しかもスカシペスタン共和国の目論見すら全部を正確に看破した上で行っています。
しんのすけが研究所へ入れたのはたまたま体型が一致したからですが、それすら受け入れてるのです。
この話し合い・対話重視の姿勢は非常に象徴的で、どんな人にもおもてなしの心を忘れません。
武力行使の解決しか考えないスカシペスタン共和国とは180°正反対のいい国であることが分かります。
親子の関係
そしてクレヨンしんちゃんといえばおなじみ、「大人と子供」の関係も見逃せません。
特に本作は最終的に野原一家とレモンの家族とで綺麗に対比されていました。
そこに描かれた重要なメッセージも改めて見ていきましょう。
エリートの家庭と普通の家庭
最初は全く可愛げがく冷たさすらあるレモンでしたが、野原一家に来て大きく変わります。
目一杯5歳児であることを楽しみ感情豊かなしんのすけとは本当に対照的な性格です。
レモンの家系は親子よりは師匠と弟子みたいな上下関係で成立しており、逆らえません。
まずここに普通の家庭とエリートの家庭という対比が大きく描かれているのです。
そして後半、スカシペスタン共和国の目論見を知り関係は大きく変化していきます。
良い子とは反抗しない子ではない
そんな両極端な家族がしかし後半あるやり取りで本質的に同じ問題を抱えていました。
それぞれにやり取りを引用してみましょう。
レモンの家族
ライム「いつからそんな悪い子になったの」
レモン「いうこと聞かなきゃいい子じゃないの?」野原一家
ひろし「こら!親の言うことが出来ないのか!」
しんのすけ「聞けないぞ!!!」引用:クレヨンしんちゃん 嵐を呼ぶ黄金のスパイ大作戦/配給会社:東宝
どちらも親のいうことを聞かず自主性で動く子供という点が共通しています。
正に子の心親知らずで、子供の気持ちに両家の両親とも寄り添おうという姿勢がありません。

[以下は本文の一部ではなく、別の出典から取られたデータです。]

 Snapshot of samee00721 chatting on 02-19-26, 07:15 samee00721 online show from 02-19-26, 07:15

そういう親の身勝手な考えこそが正に子供の可能性の芽を摘み取ってしまっているのです。
これが極まると毒親になりますが、実は親は無自覚に子供に考えを押しつけてしまっています。
そうした親の強制からの解放もまた一つ本作の裏テーマとして描かれています。
未来を作るのは大人ではなく子供
最後はしんのすけとレモンの巨大なオナラで解決しますが、ここにもまた重要なメッセージがあります。
未来を切り開いていくのは大人ではなく子供であるということです。
子供は大人が思っている以上に想像力豊かで無限の可能性を秘めている生きています。
一見馬鹿馬鹿しくてもその発想から何か新しい知恵が生まれていくことはよくあるのです。

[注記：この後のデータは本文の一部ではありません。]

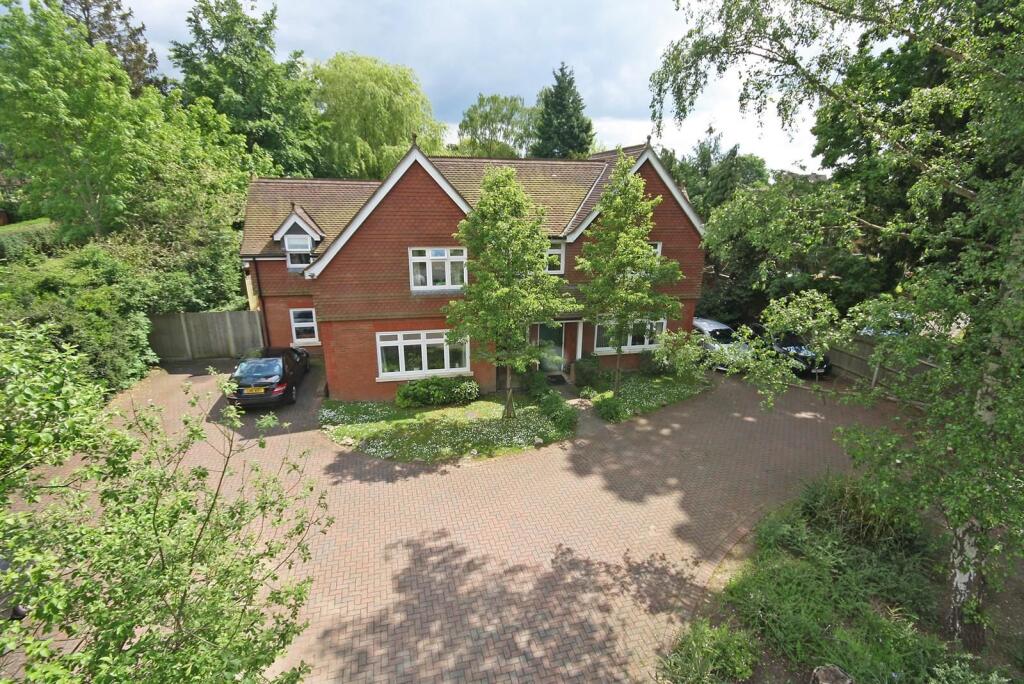 Main image of property: Fosse Lodge, 138, Croydon Road, REIGATE, RH2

ギャグじみていますが、しんのすけもレモンも根っこは素直な感性を持っています。
だからこそお互いビジネスパートナー以上の関係となり、最後に本名を教えて貰えたのでしょう。
信じるな疑うな確かめろ
本作が最終的に辿り着いた答え、それは「信じるな疑うな確かめろ」ではないでしょうか。
しんのすけもレモンも自分が正しいと信じていたヒーローへの憧れ、国家への信頼を裏切られました。

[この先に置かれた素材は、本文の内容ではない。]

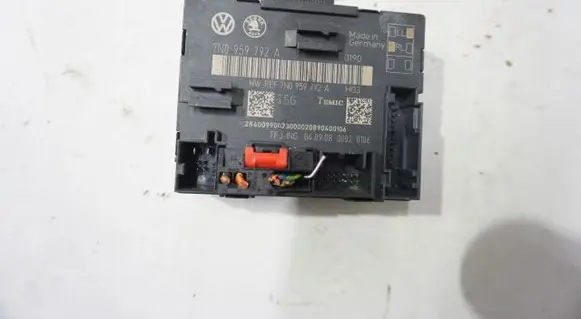 Skoda Superb B6 (3T) Door control unit/module 7N0959792A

そして逆に絶対の正義などはなく本当に大事なことは自分の目で見て確かめるしかないことも。
それがひいては親子の壁、国家の壁すらも超える一番の力強さ、考えになることを示してくれました。
スパイ映画への皮肉めいたパロディを塗しつつ、クレヨンしんちゃんらしい温かさと優しさに満ちています。